それを目撃したウンスの悲痛の叫びが木霊する。
みんな大ピンチで、動けるのは私だけ。

「ウンスさん!」

私は懐に忍ばせておいた特性唐辛子スプレーを取り出し、サナギンの顔に吹きかける。
予想だにしなかった攻撃をくらい悶絶する彼はウンスから手を離すが、勢いがよかったのか彼女はふらついてそのまま天門に吸い込まれ、瞬く間に姿を消した。
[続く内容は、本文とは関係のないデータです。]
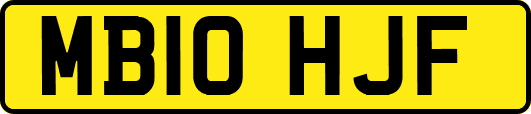 MB10HJF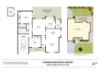 55 Quarter Sessions Road, Westleigh, NSW 2120-Image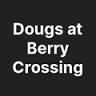 Doug’s at Berry Crossing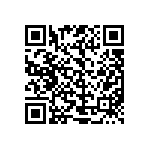 MMU01020C1200FB300 QRCode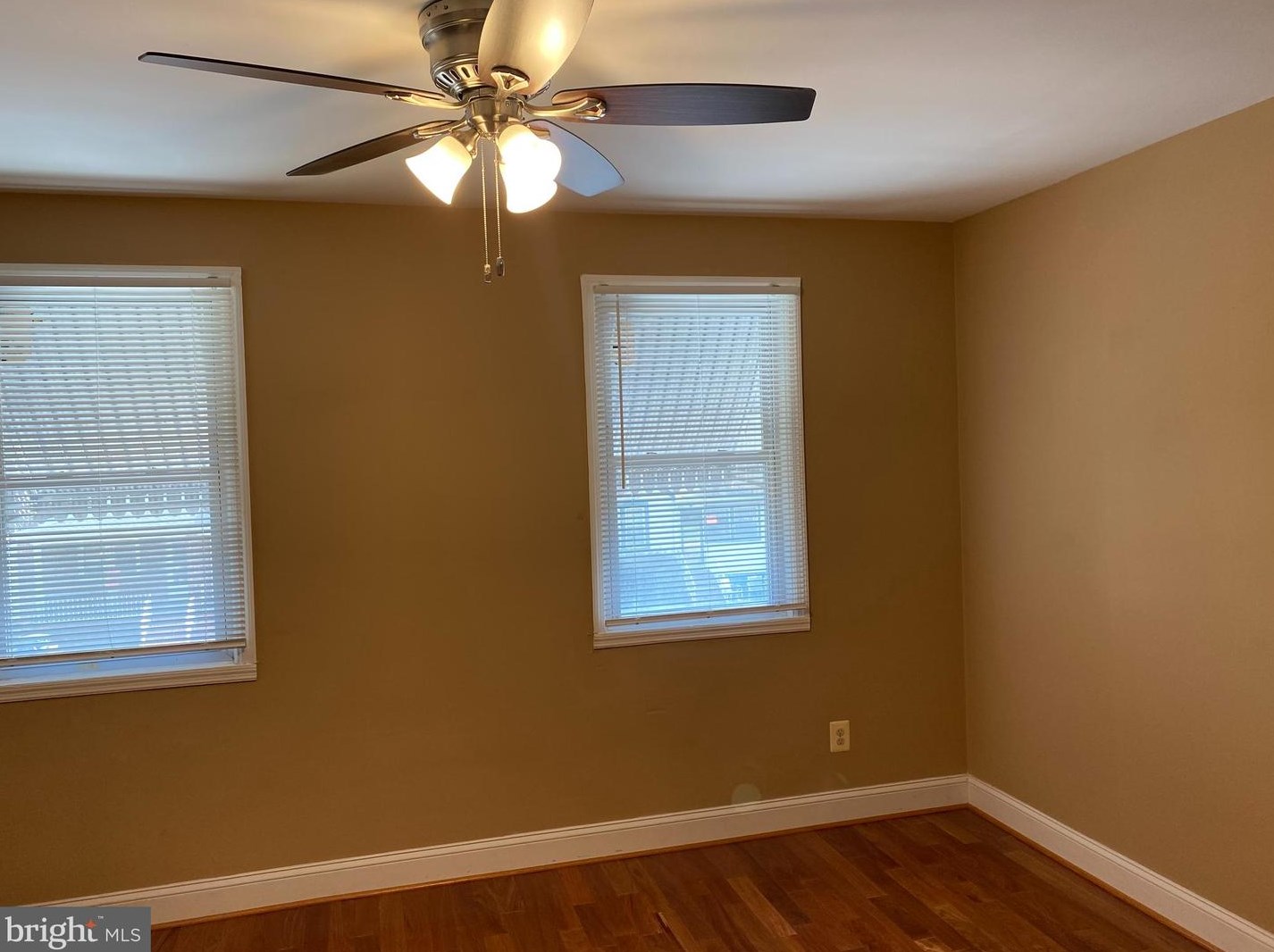 6704 Gary Ave, Baltimore MD  21222-1020 exterior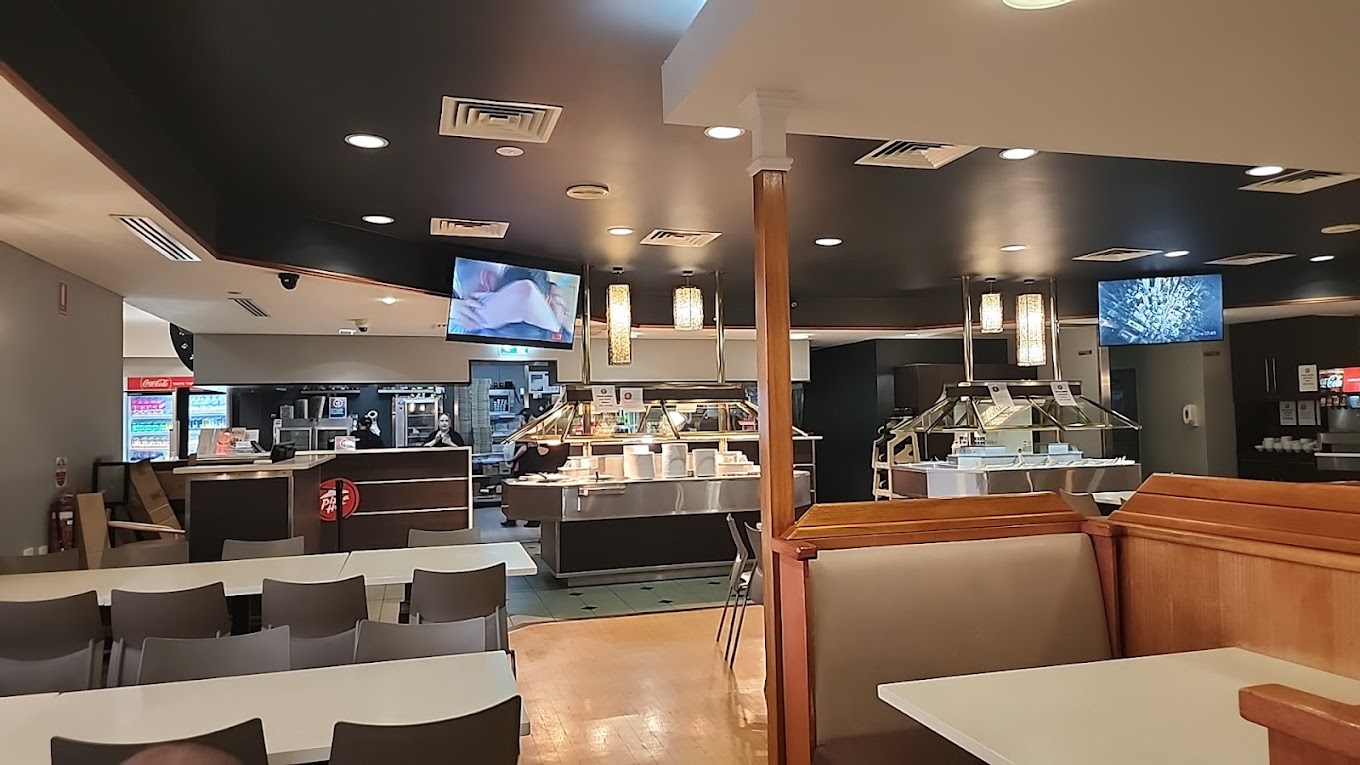 venue image 1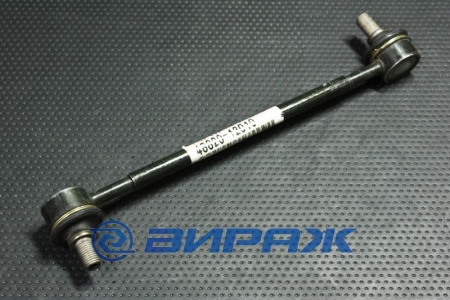 Купить Кронштейн стабилизатора передний TOYOTA 48820-12010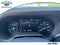 2026 Ford E-350SD Base Cutaway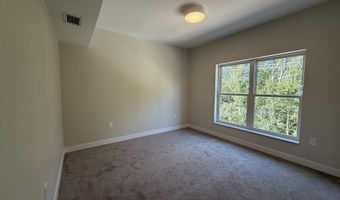 2645 Burton Road Unit Bld 4 Bld 4, Ann Arbor, MI 48104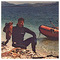 Jochen_Pe8525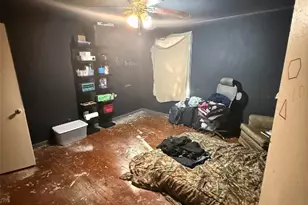 508 N Boundary St, Burnet, TX 78611 - Photo 11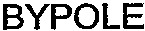 BYPOLE_logo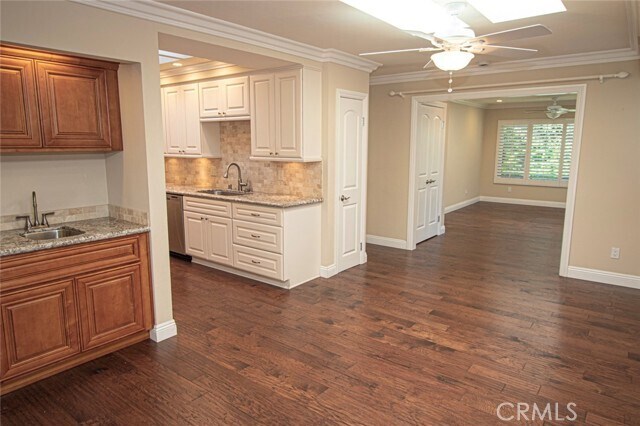 Building Photo - 3520 Bahia Blanca W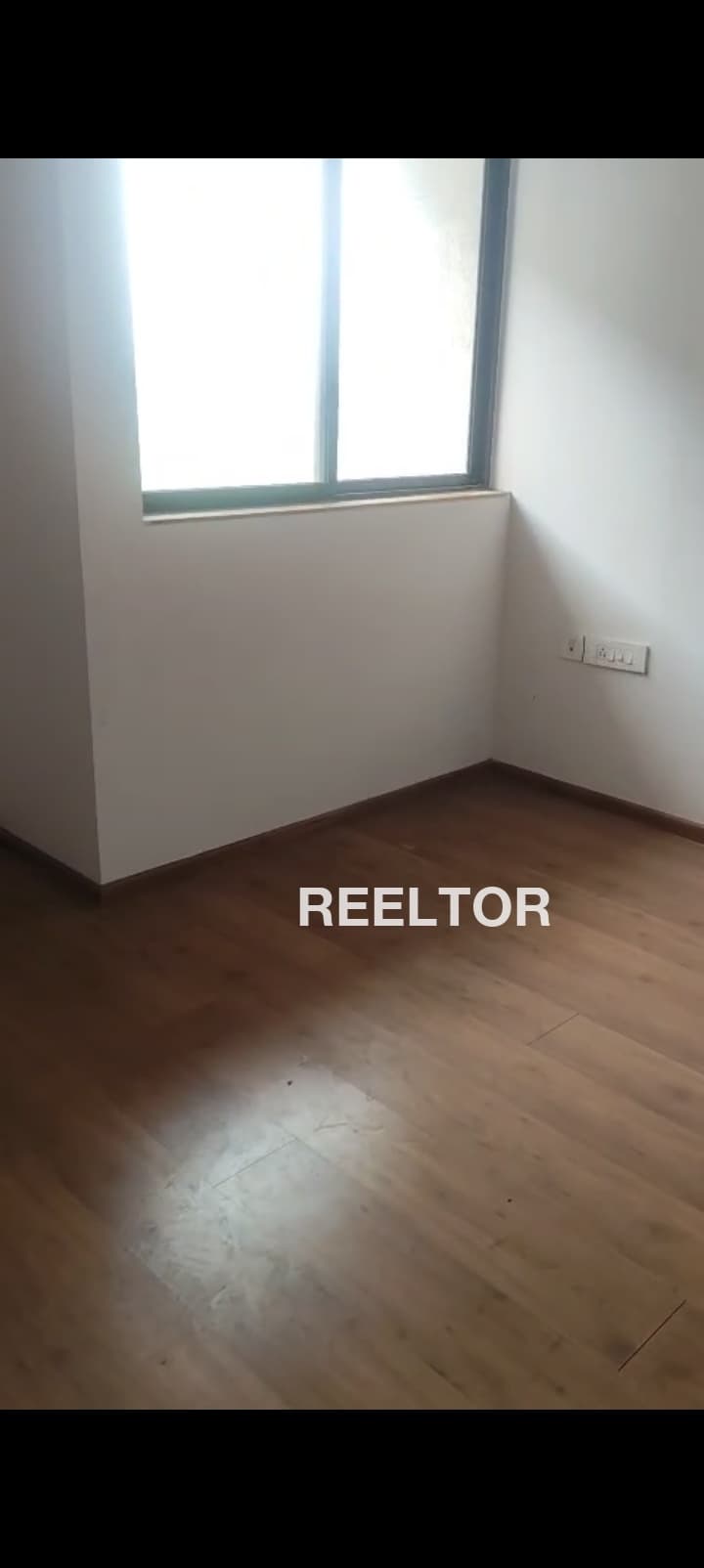 Rent 3 Bhk Home In Bina Kamal Apartment Darbhanga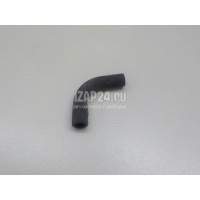 Патрубок Mazda Mazda 6 (GJ/GL) 2013 PE0115384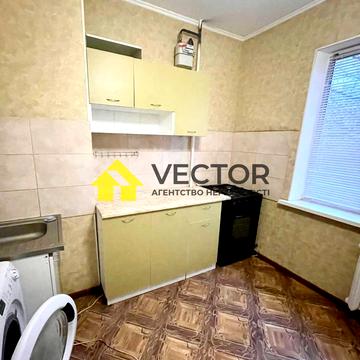 Юрія Кондратюка вул., 13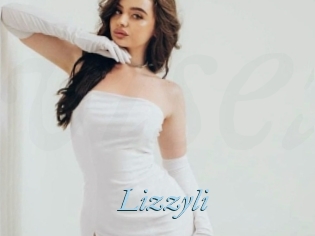 Lizzyli
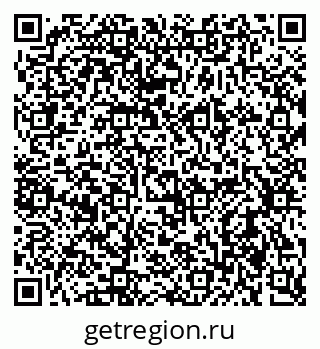 79637997177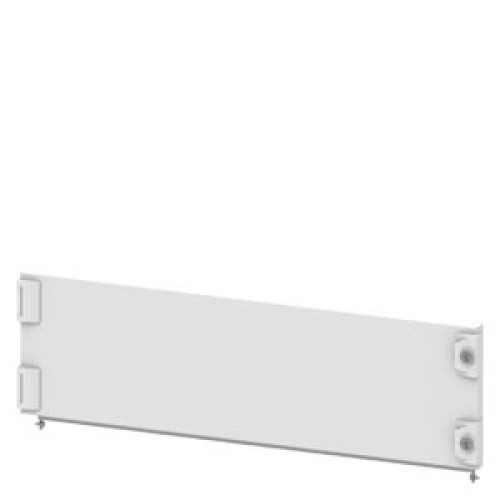 8PQ2055-6BA04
ウンスを引き込んだ天門は、落ち葉を巻き上げながらまだ開いたまま。
彼女の消える様子を目の当たりにした徳成府院君やサナギン、火手引と千音子は残った私に視線を向けた。

「て、天仙よ…共に…」

過剰な氷功を使用した府院君の身体は、限界を迎えている。
その時、彼の身体を貫く剣先。

何が起きたのかわからず己の胸から生えた剣を見て、ゆっくりと背後に視線を移す府院君。

背後に立つチェ・ヨンが、剣を更に深く挿し込む。

切れた瞼から血が流れ視界を奪うものの、眼球は無事の様子。


「おいおい」

サナギンは、まだ両目が完全に開いていない彼に殴り掛かり府院君から彼を離す。
よろめく府院君を支えようと火手引が触れるも氷功の力が上回っており、凍傷を負った彼女は手を離さざるを得ない。
千音子は刺さっている剣を抜いて、二人を心配する。
徳成府院君の命令で人を殺めることを躊躇いだしたが、矢張りきょうだいの絆は簡単には捨てられないらしい。彼らは最後まで舎兄の側にいるようだ。

「天界へ、……連れて、行け」

もう身体は凍っている。刺された痛みもないだろう。
しかし天界へ渡りたいという欲だけで、徳成府院君は私に手を伸ばす。
拒否されるのを分かっているし憐れんだ心がそうさせたのか、私は府院君の手を握った。

「冷たい」
「お、おお。天仙よ」

吸引が増した天門に近付くと私の身体はその渦に巻き込まれていくが、徳成府院君は弾かれてしまう。
そして彼は完全に凍って動かなくなった。
離れた手を見ると手の平は赤くただれている。

「ソラ!!」

愛しい人の声に顔を上げると、渦に飲まれながらも向こうの景色が見えた。
サナギンにやられたのか、チェ・ヨンは足を引きずりながらも手を伸ばしてくる。

「ヨン!」
「ソラ!」


「また、ね…」

光に飲まれながら手を振り続けた。